5-1.兄と妹
ところ変わり、午後八時を過ぎた憲兵局。
ソファに座り、シュッツェはペンを走らせる。
時折、手を止めては独り言を呟いた。
「兄さま……」と、レーヴェが声をかけた。
「……時間切れか」
机から顔を上げ、シュッツェからため息。
「考えがまとまらない」
「かしこまらないで自分の感じたこと、思ったことを言えばわかってくれる」
レーヴェは、水入りのコップを差し出した。
「とは言ってもなぁ。俺には語彙力だとか、対応力がないんだよ」
「大丈夫」と、レーヴェは首を振る。
「難しい言葉を並べたところで、もっとわかってくれないよ?」
「……腹、くくるしかないか」
その時、扉を叩く音。
「時間です」と、アインとシュテルが顔を出す。
「はいよ」と、シュッツェはペンを置いた。
「髪の毛、ぐしゃぐしゃです」
半笑いで、シュテルが手鏡を差し出す。死角から周囲を窺う、偵察用の手鏡だ。
「うわぁ、ひでぇ顔」
鏡に映る自身の顔に、シュッツェは唸る。
目元のクマに加え、うっすらと無精髭。かなり老け込んだ印象だ。
「ちょっと待って」と、レーヴェが鞄を漁った。
取り出したのは、あの化粧箱。
「せめて、クマだけは隠そう」
リキッドタイプのファンデーションを指に取り、兄の目元に塗っていく。
「化粧をする日が来るとはね」と、シュッツェは笑った。
何かを思い出したのか、小さな声を上げた。
「……小さい頃、こうやってイタズラされたな」
「あの時のゲンコツ、すっごく痛かった」
目を細め、レーヴェは頷く。
寝込みを襲った妹が悪いが、妹をぶった兄は激しく叱られたものだ。
ついでにコームを借り、ボサボサ頭を梳く。
浮浪者のような見た目は、いくらか公族らしい威厳を取り戻した。
一同は階段を下り、一階の大会議室へ。

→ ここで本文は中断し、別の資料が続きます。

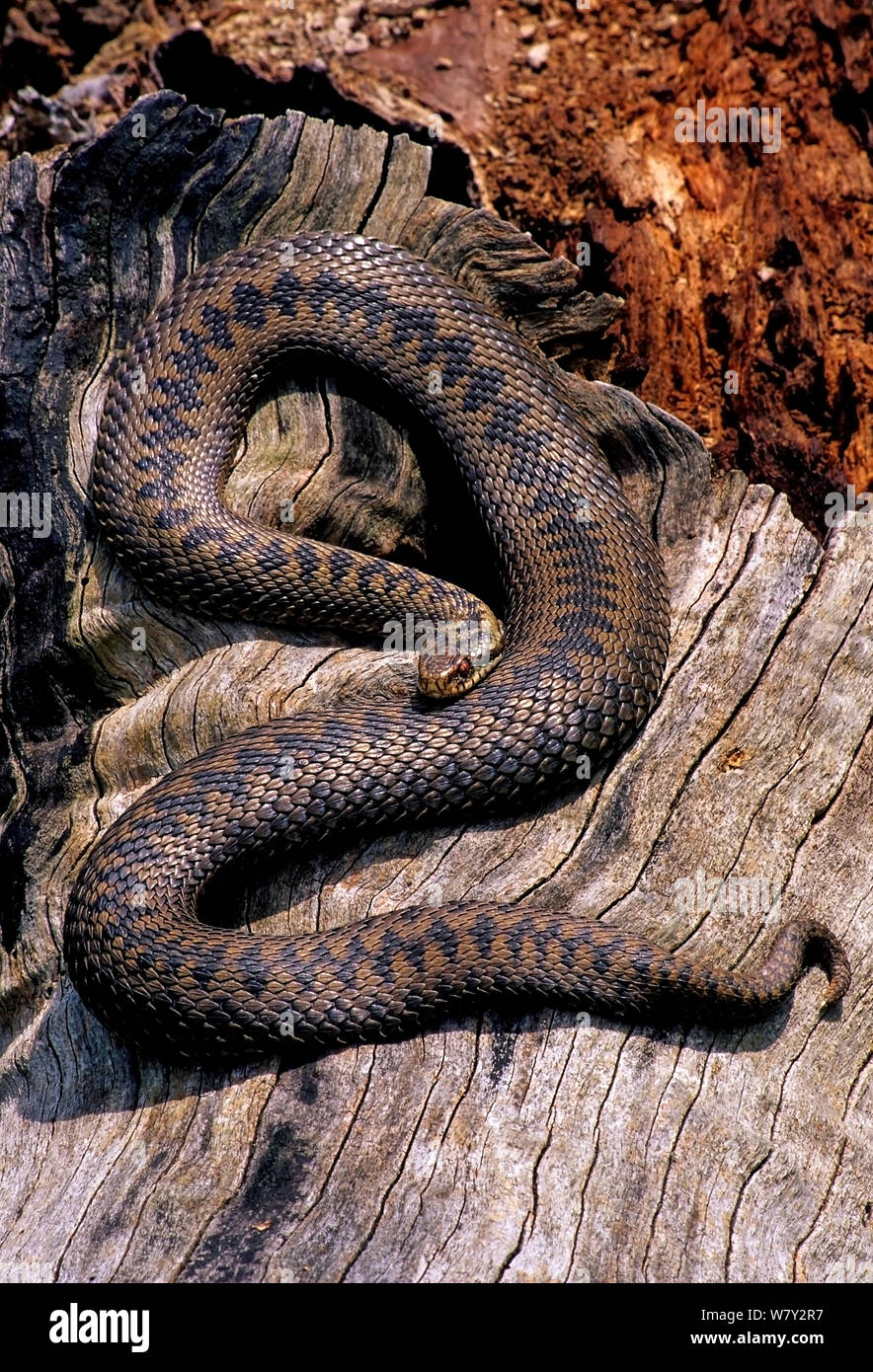 Kreuzotter (Vipera berus) weibliche Sonnenbaden, Körper abgeflacht maximale Menge an Wärme zu absorbieren. Kent, UK. Stockfoto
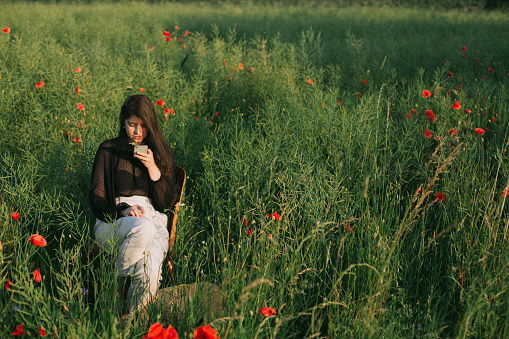 Stylish elegant girl chatting online, holding phone and sitting in summer meadow in warm sunset light. Fashionable young woman using smartphone making photos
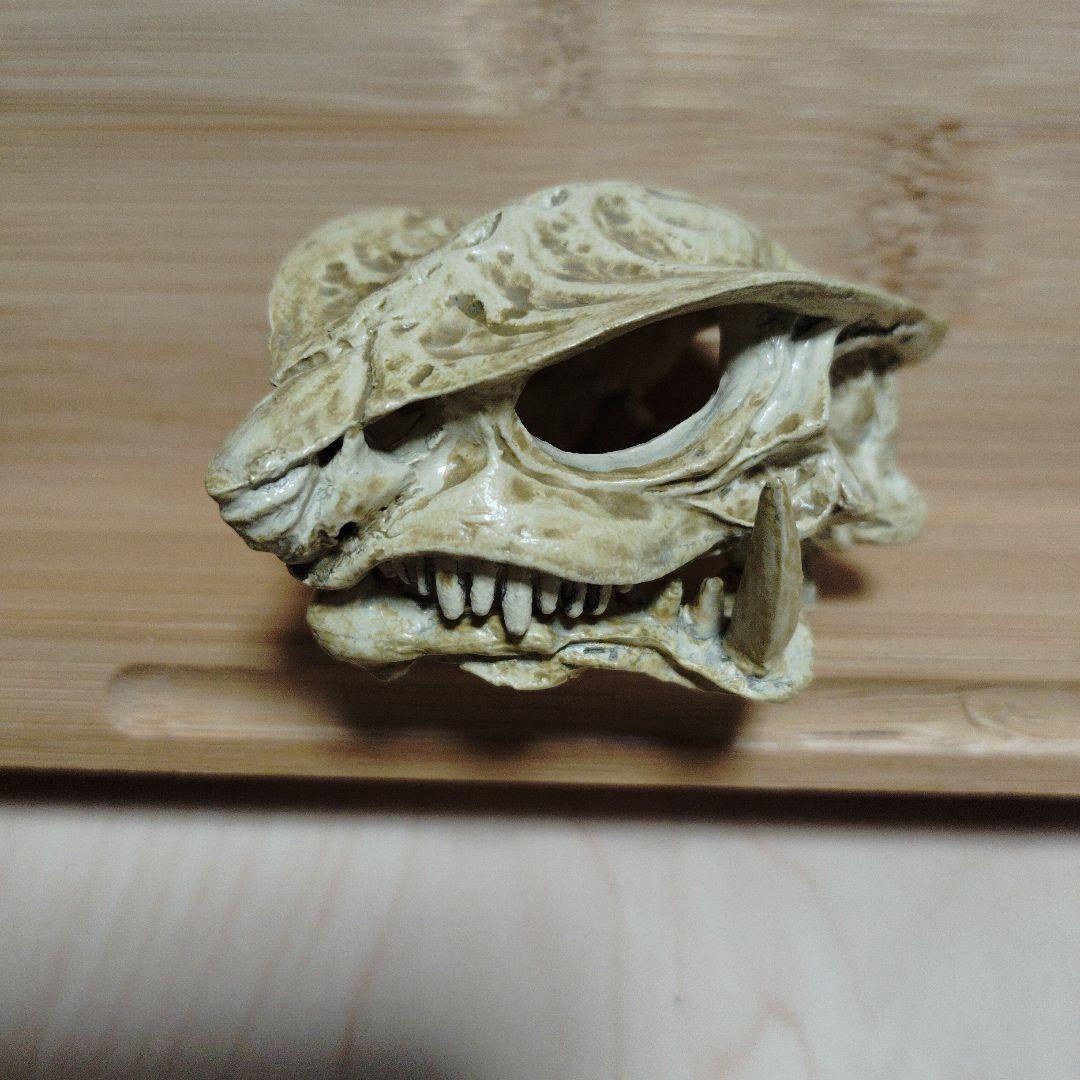 ガメラ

捜査会議や会見で使用される場だ。
これから兄妹は、マスメディアに会見を行うのだ。
昼間の騒ぎは『レジスタンスによる暴動』と、国民に通知された。
だが、新聞社やラジオ局は納得するはずもない。
放っておけば推論で記事が書かれ、誤情報で国が混乱する。
そのため、政府が持っている情報を開示する代わりに報道を控えてもらう。
マスメディアと『情報協定』を結び、事態の沈静化を図るつもりだ。
「レーヴェ。お前、本当に大丈夫か?」
扉の前に立つ、シュッツェの表情は硬い。
「大丈夫。自分の言葉で経験を伝えたい」
わずかな瞑目のあと、レーヴェは顔を上げた。
「この局面、兄さまだけに背負わせないよ」
緑色の目には強い意志。
これから吊し上げをくらうというのに、不安の色は皆無だ。
凛々しい妹の横顔に、シュッツェは見覚えがあった。
生き写しだと言われていたが、今日ほど母に似ていると思った日はないだろう。
「お前、母さんに似てきたな」
「兄さまも、お父さまにそっくり」
幼子のように笑い合い、二人は前を見た。
会見場の扉が開く。薄暗い廊下に、一筋の光が差した。